$2=1$ Paradoxes repository

I really like to use paradoxes in my math classes, in order to awaken the interest of my students. Concretely, these last weeks I am proposing paradoxes that achieve the conclusion that 2=1. After one week, I explain the solution in the blackboard and I propose a new one. For example, I posted the following one some months ago: What is wrong with the sum of these two series? I would like to increase my repertoire of fake-proofs. I would be glad to read your proposals and discuss them! My students are 18 years old, so don't be too cruel :) Here is my own contribution:

\begin{equation} y(x) = \tan x \end{equation} \begin{equation} y^{\prime} = \frac{1}{\cos^{2} x} \end{equation} \begin{equation} y^{\prime \prime} = \frac{2 \sin x}{\cos^{3} x} \end{equation} This can be rewritten as: \begin{equation} y^{\prime \prime} = \frac{2 \sin x}{\cos^{3} x} = \frac{2 \sin x}{\cos x \cdot \cos^{2} x} = 2 \tan x \cdot \frac{1}{\cos^{2} x} = 2yy^{\prime} = \left( y^{2} \right)^{\prime} \end{equation} Integrating both sides of the equation $y^{\prime \prime} = \left( y^{2} \right)^{\prime}$: \begin{equation} y^{\prime} = y^{2} \end{equation} And therefore \begin{equation} \frac{1}{\cos^{2} x} = \tan^{2} x \end{equation} Now, evalueting this equation at $x = \pi / 4$ \begin{equation} \frac{1}{(\sqrt{2}/2)^{2}} = 1^{2} \end{equation} \begin{equation} 2 = 1 \end{equation}


Solution 1:

One of my favorites, and very simple to understand for most algebra students:

$2 = 1+1$

$2 = 1+\sqrt{1}$

$2 = 1+\sqrt{(-1)(-1)}$

$2 =^* 1+\sqrt{-1}\sqrt{-1}$

$2 = 1+i*i$

$2 = 1+i^2$

$2 = 1+(-1)$

$2 = 0$

$^*$ The wrong step

Divide both sides by 2 and add 1 and you would get $2=1$, as you desired.
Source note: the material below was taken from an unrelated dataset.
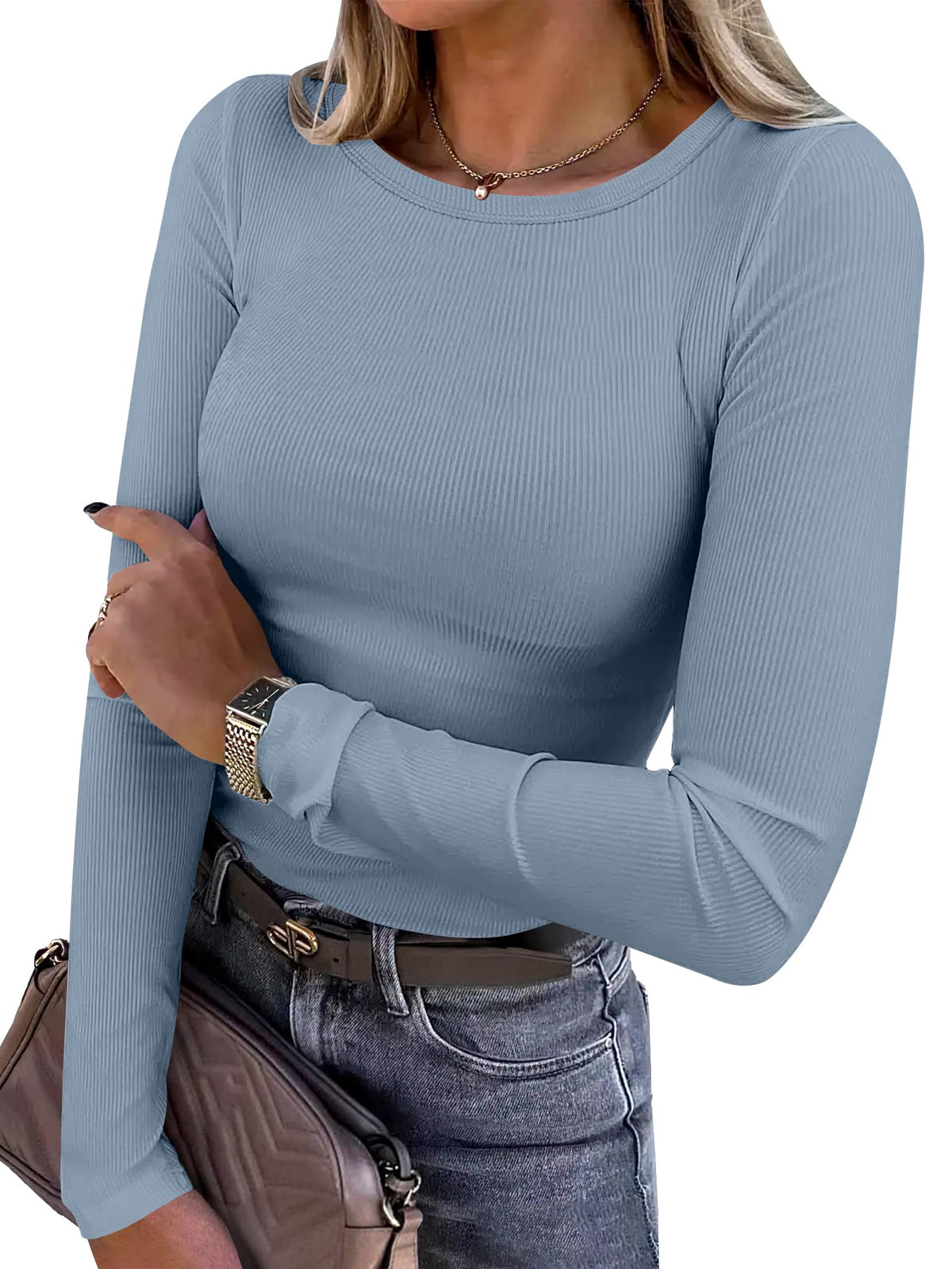 Neckline detail of the long sleeve ribbed fitted shirt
To be thorough, the mistake occurs in the fourth line where the square root is split. In reality, the rule is:

$\sqrt{ab}=\sqrt{a}\sqrt{b}$ when either $a\geq0$ or $b\geq0$

$\sqrt{ab}=-\sqrt{a}\sqrt{b}$ when $a<0$ and $b<0$

So you would have an equality if you follow that rule, but many students aren't going to catch the error.

Solution 2:

$$0 = (1-1)+(1-1)+ … = 1 -(1-1)-(1-1)-… = 1 \implies 2=1$$